DATA SUPPLIED |

..............................

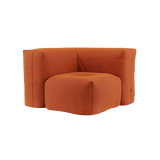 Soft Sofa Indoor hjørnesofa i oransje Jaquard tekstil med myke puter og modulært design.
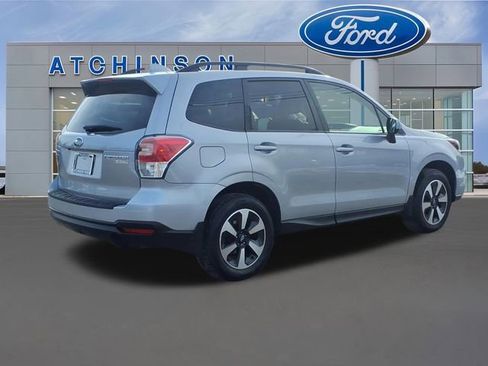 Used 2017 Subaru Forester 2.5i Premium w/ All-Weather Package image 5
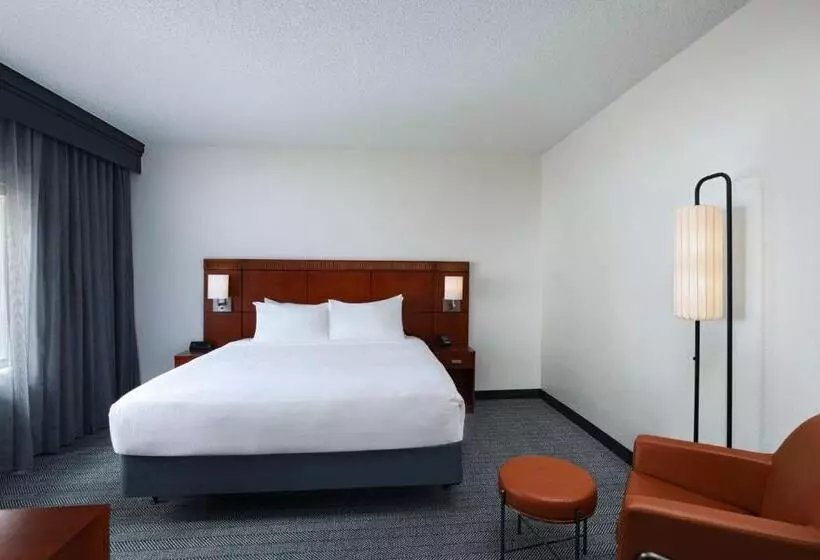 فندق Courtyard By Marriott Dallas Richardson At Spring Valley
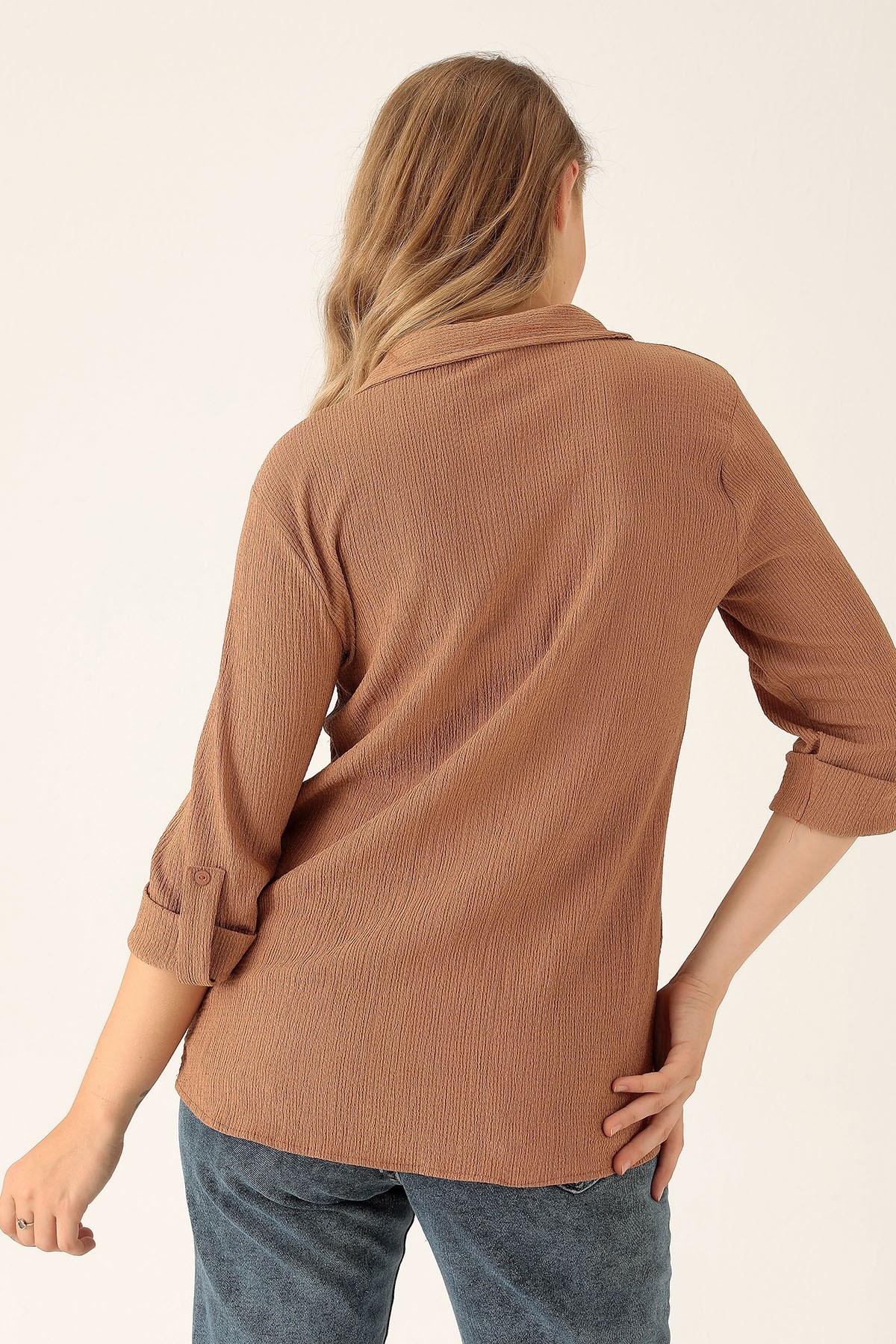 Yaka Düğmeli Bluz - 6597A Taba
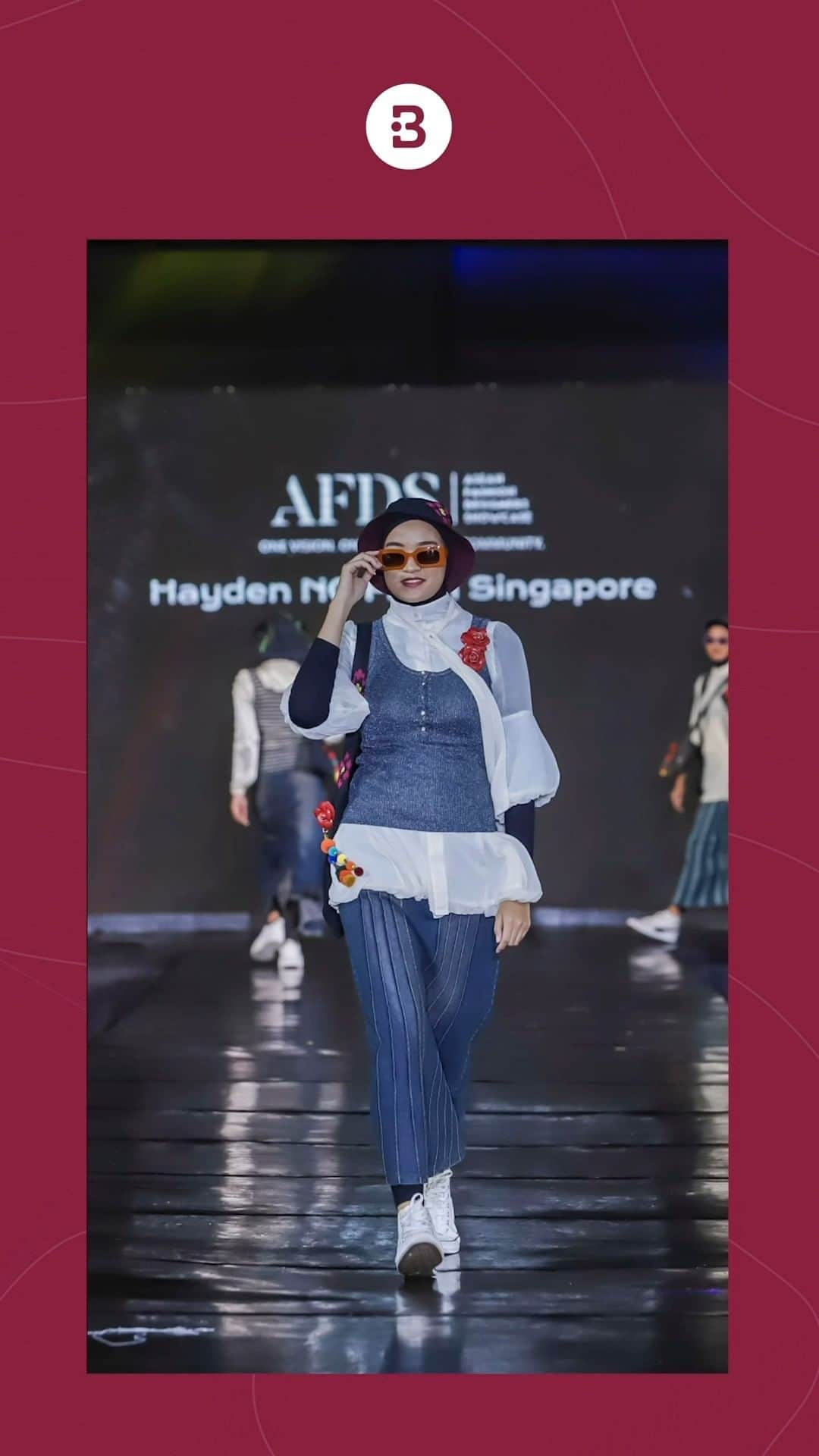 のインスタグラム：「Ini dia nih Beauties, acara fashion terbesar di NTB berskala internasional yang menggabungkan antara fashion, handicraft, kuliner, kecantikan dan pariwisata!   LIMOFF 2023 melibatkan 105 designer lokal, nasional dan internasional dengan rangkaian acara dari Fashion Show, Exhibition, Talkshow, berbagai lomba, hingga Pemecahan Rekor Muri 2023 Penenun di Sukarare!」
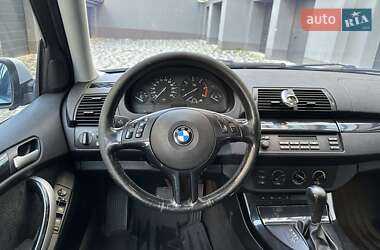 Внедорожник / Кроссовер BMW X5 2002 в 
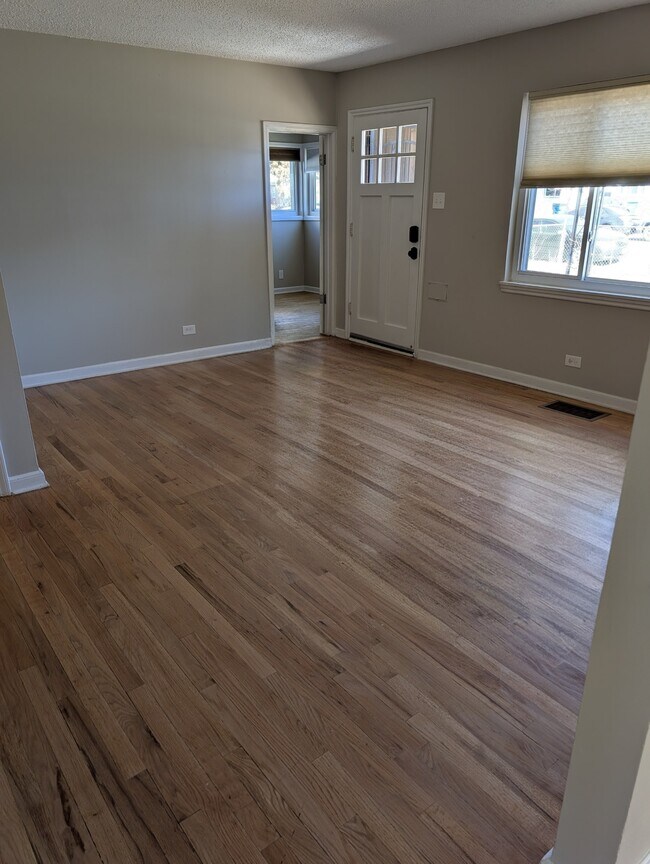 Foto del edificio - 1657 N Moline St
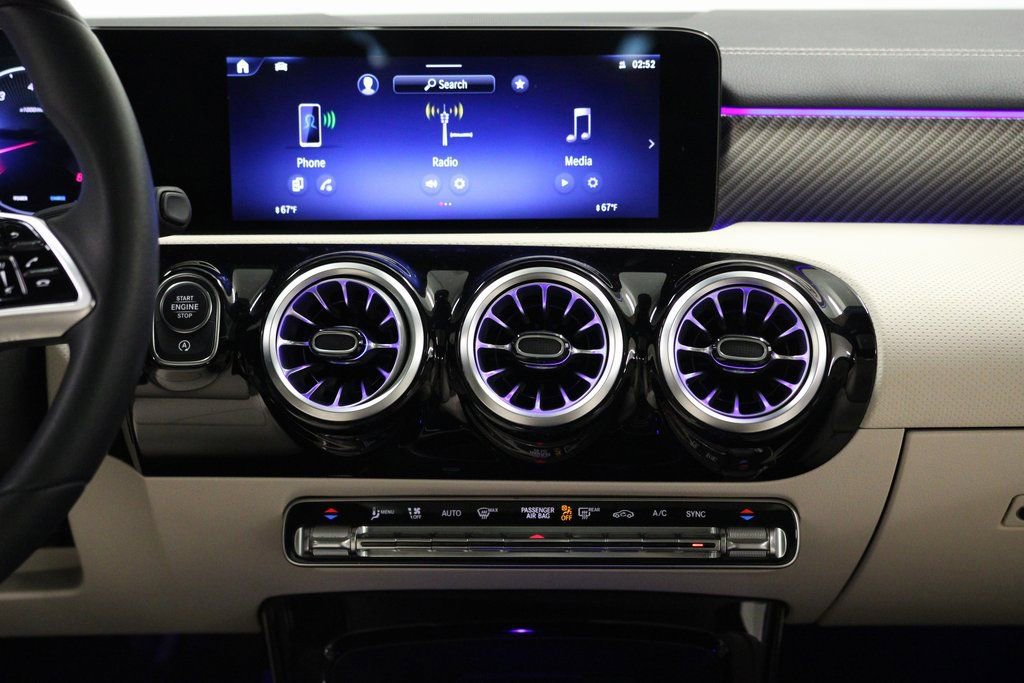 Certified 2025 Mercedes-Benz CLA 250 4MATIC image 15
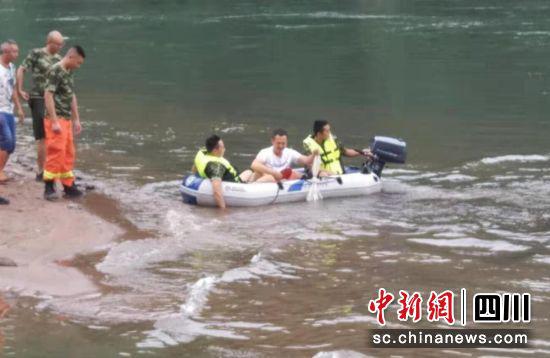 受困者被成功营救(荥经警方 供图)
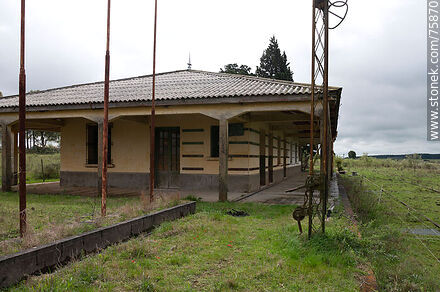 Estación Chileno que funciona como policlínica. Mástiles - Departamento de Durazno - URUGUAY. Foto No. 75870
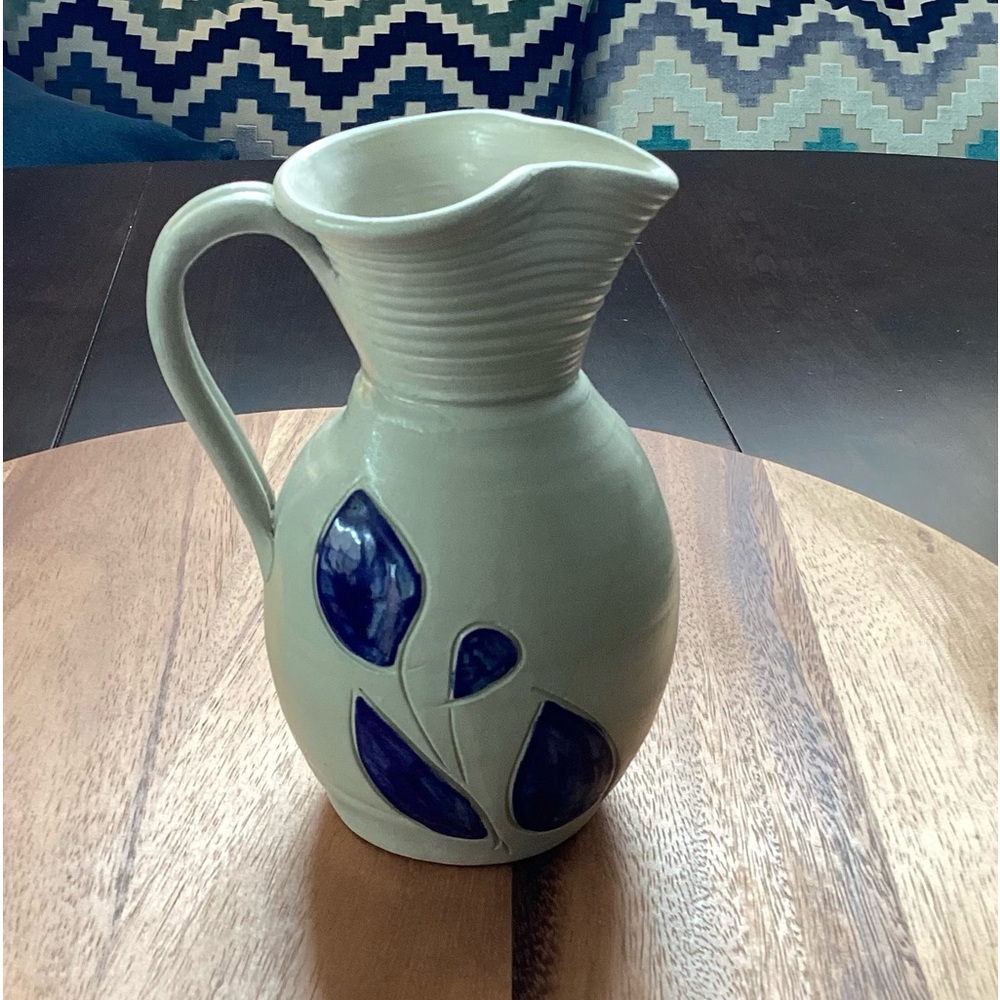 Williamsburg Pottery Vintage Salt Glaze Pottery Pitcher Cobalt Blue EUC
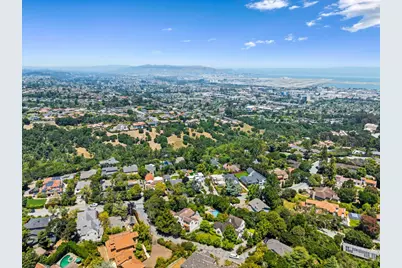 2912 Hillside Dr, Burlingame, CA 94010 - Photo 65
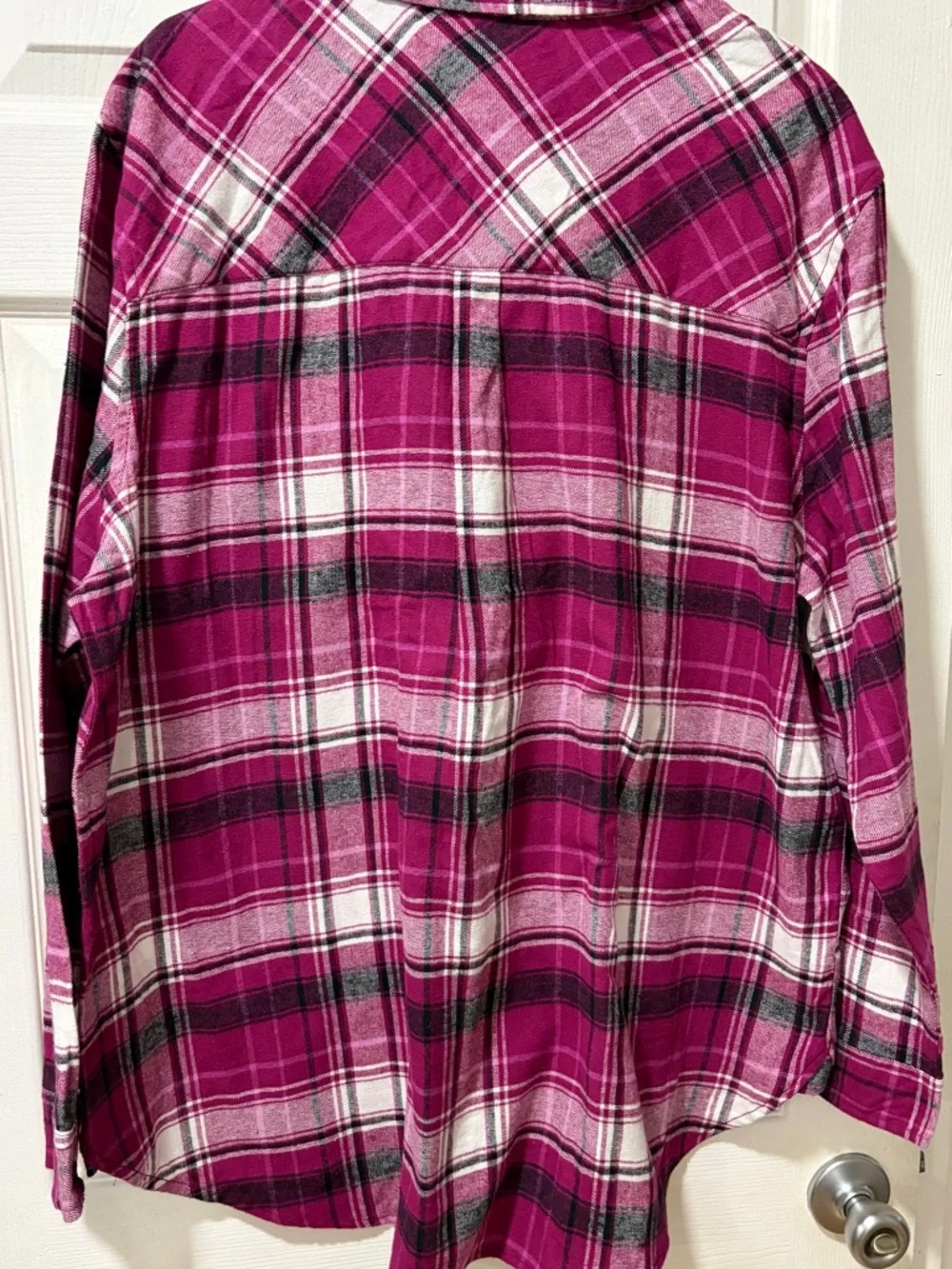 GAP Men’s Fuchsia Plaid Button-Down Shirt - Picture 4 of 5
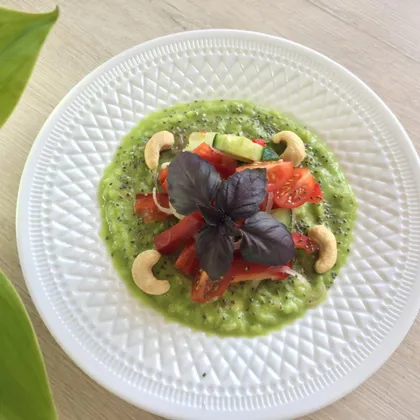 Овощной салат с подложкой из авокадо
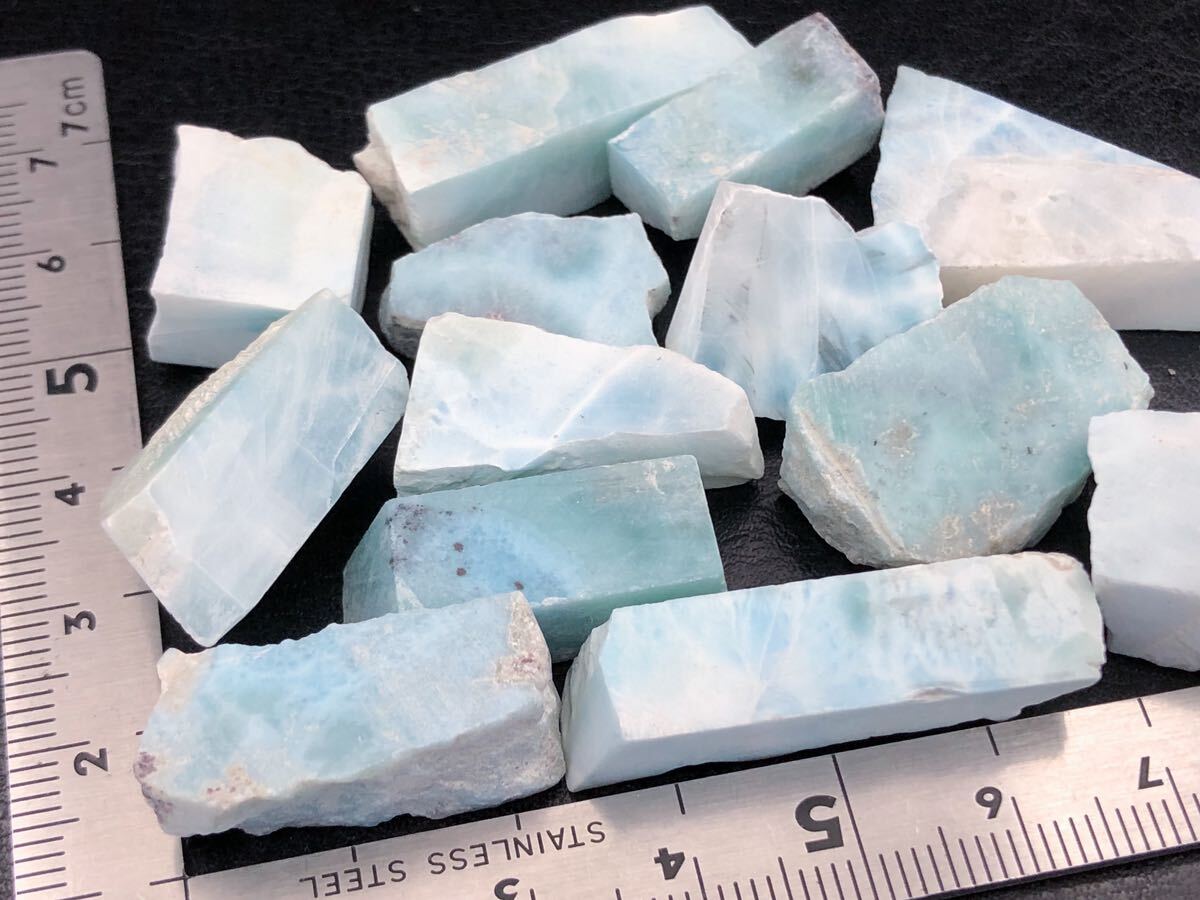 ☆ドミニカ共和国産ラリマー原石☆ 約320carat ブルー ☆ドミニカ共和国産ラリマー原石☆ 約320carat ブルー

..............................

ACTIVITY |
Only the lines from the beginning of the listing through the line with "Williamsburg Pottery Vintage", both ends included, are to be repeated exactly; pictures stay out.

ANSWER TO THE PROBLEM |
 Soft Sofa Indoor hjørnesofa i oransje Jaquard tekstil med myke puter og modulært design.
 Used 2017 Subaru Forester 2.5i Premium w/ All-Weather Package image 5
 فندق Courtyard By Marriott Dallas Richardson At Spring Valley
 Yaka Düğmeli Bluz - 6597A Taba
 のインスタグラム：「Ini dia nih Beauties, acara fashion terbesar di NTB berskala internasional yang menggabungkan antara fashion, handicraft, kuliner, kecantikan dan pariwisata!   LIMOFF 2023 melibatkan 105 designer lokal, nasional dan internasional dengan rangkaian acara dari Fashion Show, Exhibition, Talkshow, berbagai lomba, hingga Pemecahan Rekor Muri 2023 Penenun di Sukarare!」
 Внедорожник / Кроссовер BMW X5 2002 в 
 Foto del edificio - 1657 N Moline St
 Certified 2025 Mercedes-Benz CLA 250 4MATIC image 15
 受困者被成功营救(荥经警方 供图)
 Estación Chileno que funciona como policlínica. Mástiles - Departamento de Durazno - URUGUAY. Foto No. 75870
 Williamsburg Pottery Vintage Salt Glaze Pottery Pitcher Cobalt Blue EUC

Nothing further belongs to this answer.